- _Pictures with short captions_
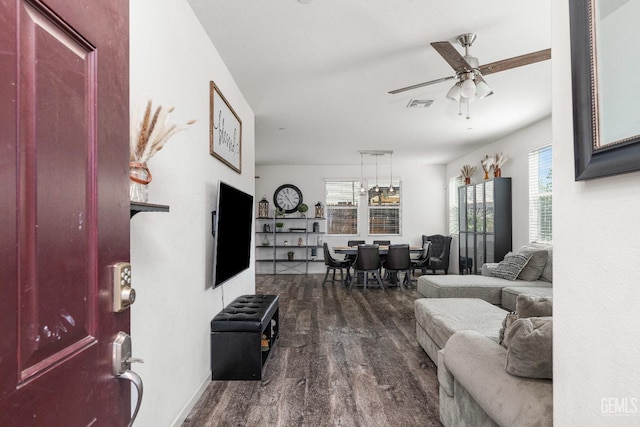 5906 Commonwealth Ave, Bakersfield, CA 93313 - living room featuring dark wood finished floors and ceiling fan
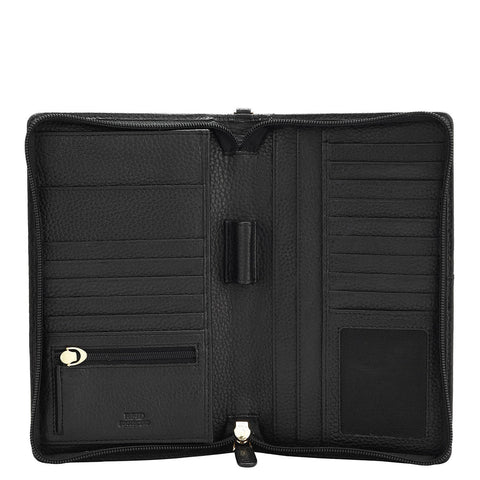 Wax Leather Passport Case - Black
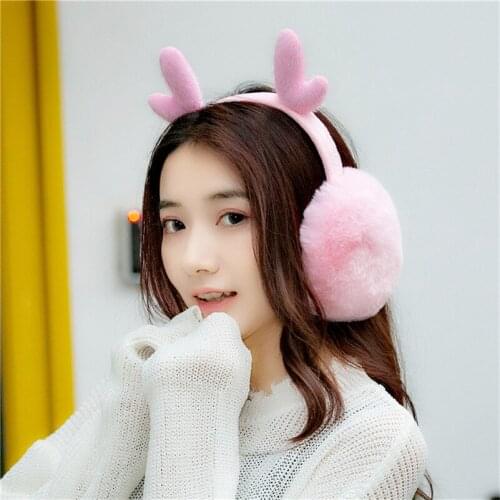 Antler earmuffs Korean style cute winter warm plush antler earmuffs fashion earmuffs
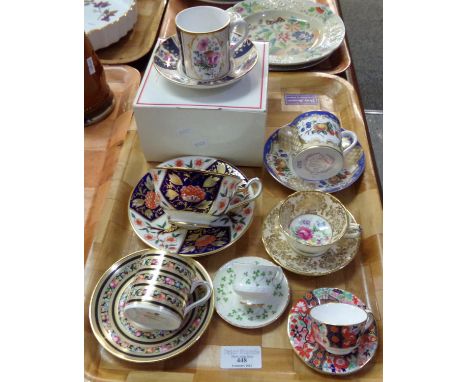 Collection of seven 20th Century collectors cups and saucers: miniature Irish Royal Tara cup and saucer decorated with shamro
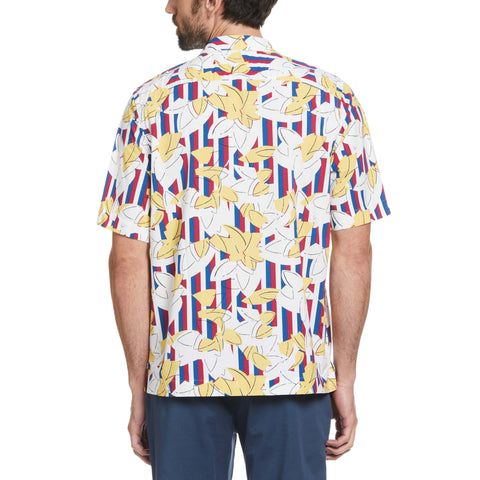 Ecovero™ Stripe Leaf Print Camp Collar Shirt (Limoges) 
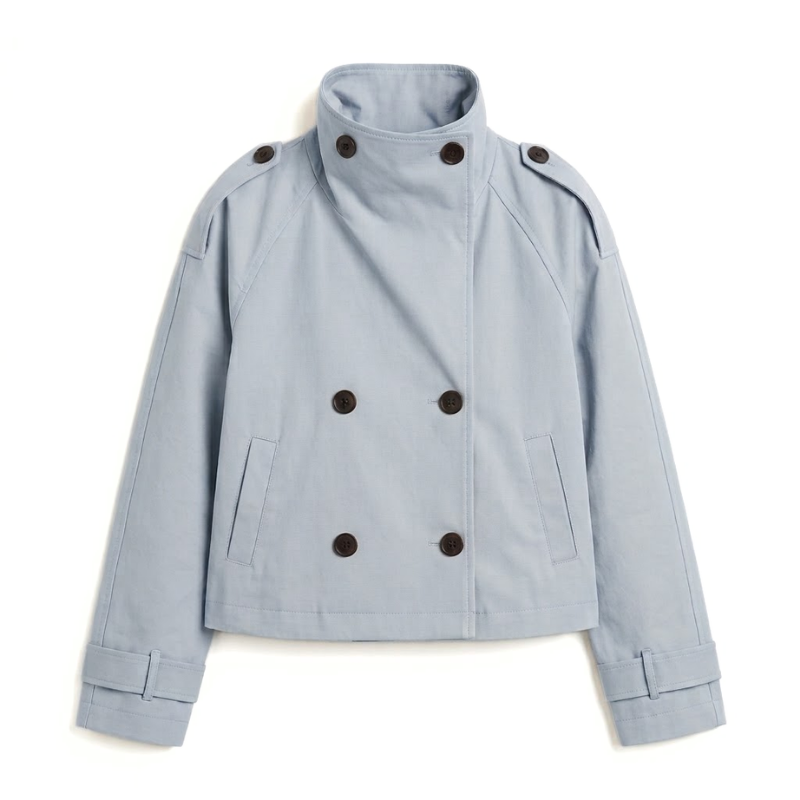 Cropped High-Collar Trench Coat-Fowsa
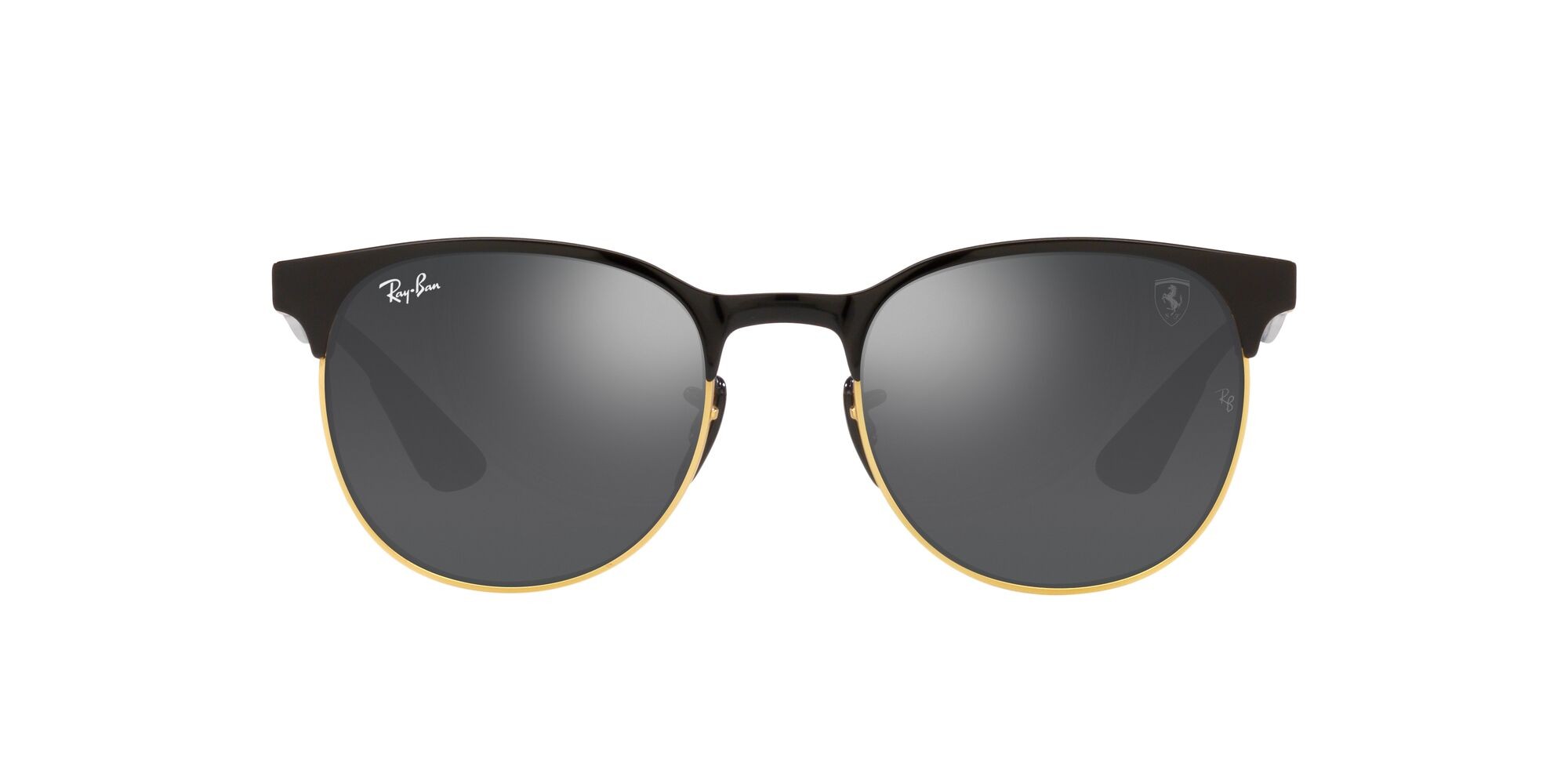 Sonnenbrillen Ray-Ban Scuderia Ferrari RB 8327M (F0816G) farbe black on matte arista form pantos gläser grigio sfumato argento a specchio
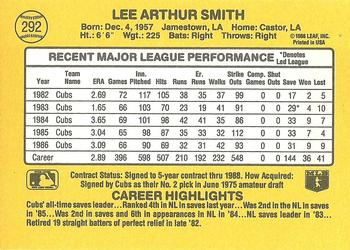 1987 Donruss #292 Lee Smith Back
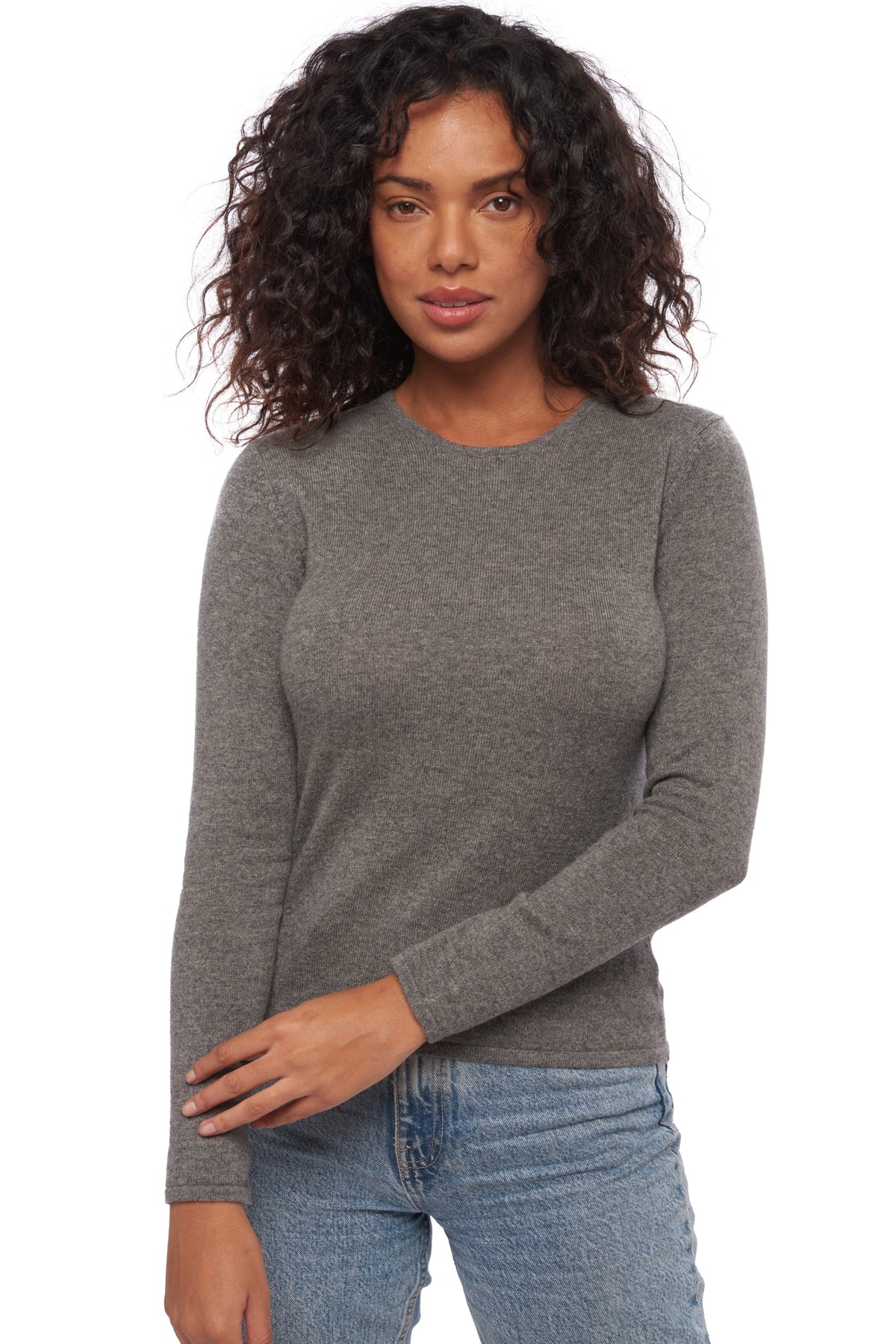 Line women's cashmere jumper - marmotte marl - Mahogany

- _TASK TO CARRY OUT_
Repeat exactly the lines from the one containing "Wax Leather Passport Case - Black" through the last line of the records above, both included, and leave out the pictures.

- _ANSWER SPACE_
 Wax Leather Passport Case - Black
 Antler earmuffs Korean style cute winter warm plush antler earmuffs fashion earmuffs
 Collection of seven 20th Century collectors cups and saucers: miniature Irish Royal Tara cup and saucer decorated with shamro
 Ecovero™ Stripe Leaf Print Camp Collar Shirt (Limoges) 
 Cropped High-Collar Trench Coat-Fowsa
 Sonnenbrillen Ray-Ban Scuderia Ferrari RB 8327M (F0816G) farbe black on matte arista form pantos gläser grigio sfumato argento a specchio
 1987 Donruss #292 Lee Smith Back
 Line women's cashmere jumper - marmotte marl - Mahogany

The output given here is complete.